#### WHAT NEEDS TO BE DONE
Retype the material that follows exactly, limited to the lines from the one with "JOA STUDHOLMES LONDON" through the one with "family enjoying summer", and keep out all pictures.

#### RECORDS PROVIDED
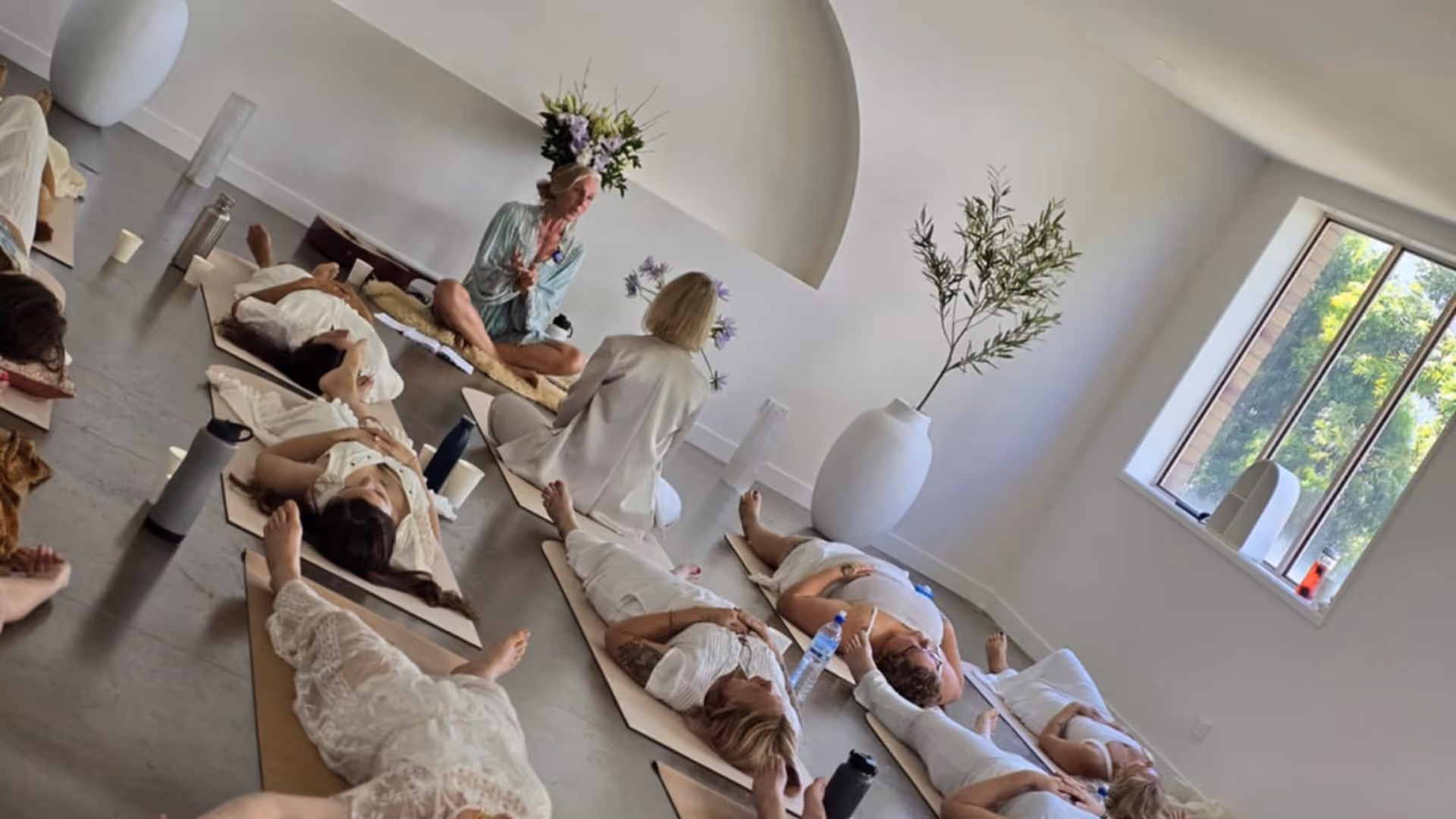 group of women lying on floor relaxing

* * *

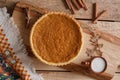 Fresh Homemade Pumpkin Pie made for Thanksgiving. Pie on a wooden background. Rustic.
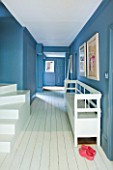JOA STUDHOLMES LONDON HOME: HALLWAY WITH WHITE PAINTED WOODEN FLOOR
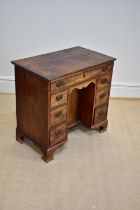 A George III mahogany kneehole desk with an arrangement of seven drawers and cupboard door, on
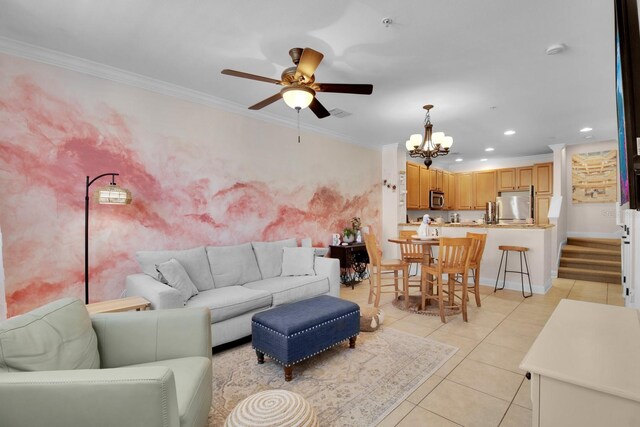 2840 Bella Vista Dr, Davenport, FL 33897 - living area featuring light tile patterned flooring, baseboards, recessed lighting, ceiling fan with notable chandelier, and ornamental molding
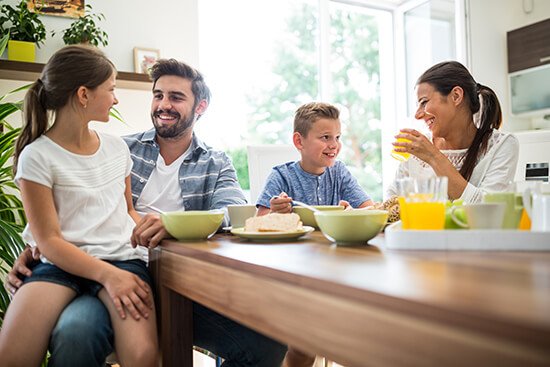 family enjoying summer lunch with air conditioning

#### RESULT
JOA STUDHOLMES LONDON HOME: HALLWAY WITH WHITE PAINTED WOODEN FLOOR
 A George III mahogany kneehole desk with an arrangement of seven drawers and cupboard door, on
 2840 Bella Vista Dr, Davenport, FL 33897 - living area featuring light tile patterned flooring, baseboards, recessed lighting, ceiling fan with notable chandelier, and ornamental molding
 family enjoying summer lunch with air conditioning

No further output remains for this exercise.